→ PROBLEM TO SOLVE: The data that follows is to be copied exactly, with each image removed.

→ DATA EXTRACT:
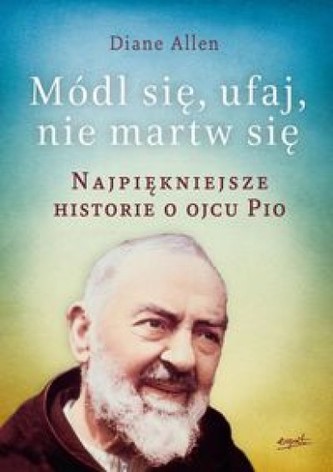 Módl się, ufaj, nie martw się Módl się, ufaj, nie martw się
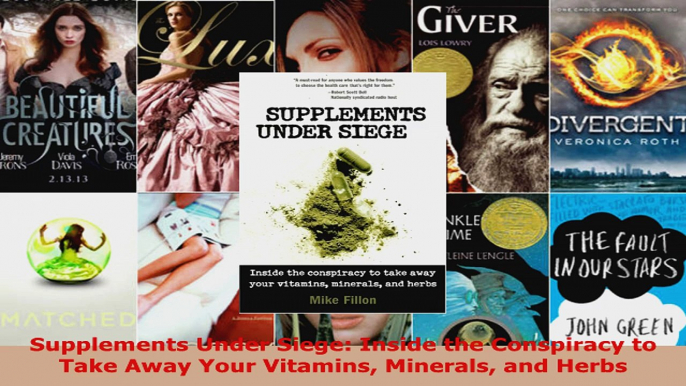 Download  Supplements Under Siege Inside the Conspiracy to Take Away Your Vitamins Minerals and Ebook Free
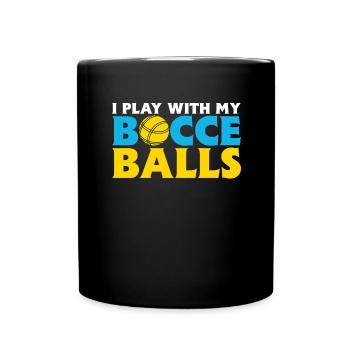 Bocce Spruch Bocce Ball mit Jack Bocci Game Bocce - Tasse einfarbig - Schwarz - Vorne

→ TASK RESPONSE:
 Módl się, ufaj, nie martw się Módl się, ufaj, nie martw się
 Download  Supplements Under Siege Inside the Conspiracy to Take Away Your Vitamins Minerals and Ebook Free
 Bocce Spruch Bocce Ball mit Jack Bocci Game Bocce - Tasse einfarbig - Schwarz - Vorne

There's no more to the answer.